Если внимательно разобрать первоначальные отзывы писателей о Борисе, то
окажется, что хорошие мнения о нем в литературе положительно преобладали.
Более раннее потомство ценило Бориса, пожалуй, более, чем мы. Оно опиралось
на свежую еще память о счастливом управлении Бориса, о его привлекательной
личности. Современники же Бориса, конечно, живее его потомков чувствовали
обаяние этого человека, и собор 1598 г. выбирал его вполне сознательно и
лучше нас, разумеется, знал, за что выбирает.

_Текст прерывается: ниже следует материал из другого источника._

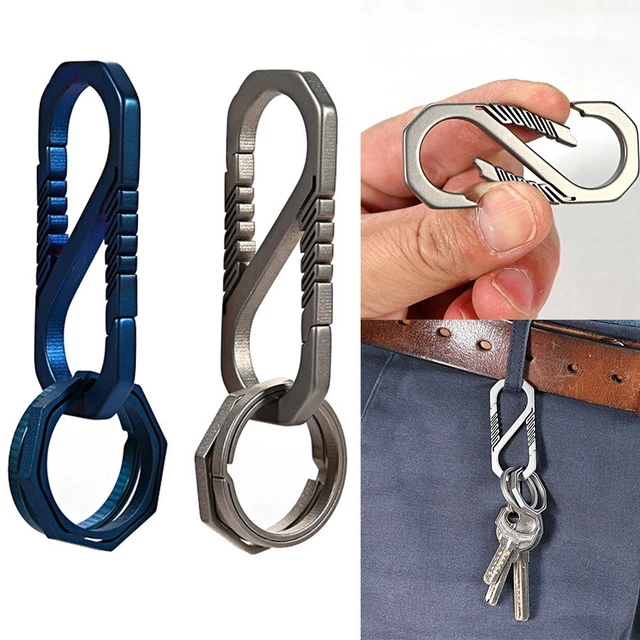 Porte-clés polyvalent en alliage de titane boucle suspendue pour un usage quoti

Между тем ученые долго были настроены против Бориса, как в деле
избрания его на престол, так и в деле смерти царевича Дмитрия: Карамзин
смотрел на него как на человека, страстно желавшего царства во что бы то ни
стало и перед избранием своим игравшего низкую комедию. Того же мнения
держался Костомаров и отчасти С. М. Соловьев. Костомаров не находит в
Годунове ни одной симпатичной черты и даже хорошие его поступки готов
объяснить дурными мотивами. К тому же направлению принадлежат Павлов
("Историческое значение царствования Бориса Годунова") и Беляев (в своей
статье о земских соборах). Иного взгляда на личность Бориса держались до сих
пор только Погодин, Аксаков и Е. А. Белов. Такая антипатия к Годунову,
ставшая своего рода традицией, происходит от того, что к оценке его личности
по обычаю подходят чрез сомнительный факт убийства царевича Дмитрия. Если же
мы отрешимся от этого далеко не вполне достоверного факта, то у нас не
хватит оснований видеть в Борисе безнравственного злодея, интригана, а в его
избрании -- ловко сыгранную комедию.
Разбор этих двух исторических актов конца XVI в. -- смерти царевича
Дмитрия и избрания Годунова в цари -- показал нам, что обычные обвинения,
которые раздаются против Бориса, допускают много возражений и установлены
настолько непрочно, что верить их достоверности очень трудно. Если, таким
образом, отказаться от обычных точек зрения на Бориса, то о нем придется
говорить немного и оценку этого талантливого государственного деятеля
сделать нетрудно.
Историческая роль Бориса чрезвычайно симпатична:
судьбы страны очутились в его руках тотчас же почти по смерти Грозного,
при котором Русь пришла к нравственному и экономическому упадку.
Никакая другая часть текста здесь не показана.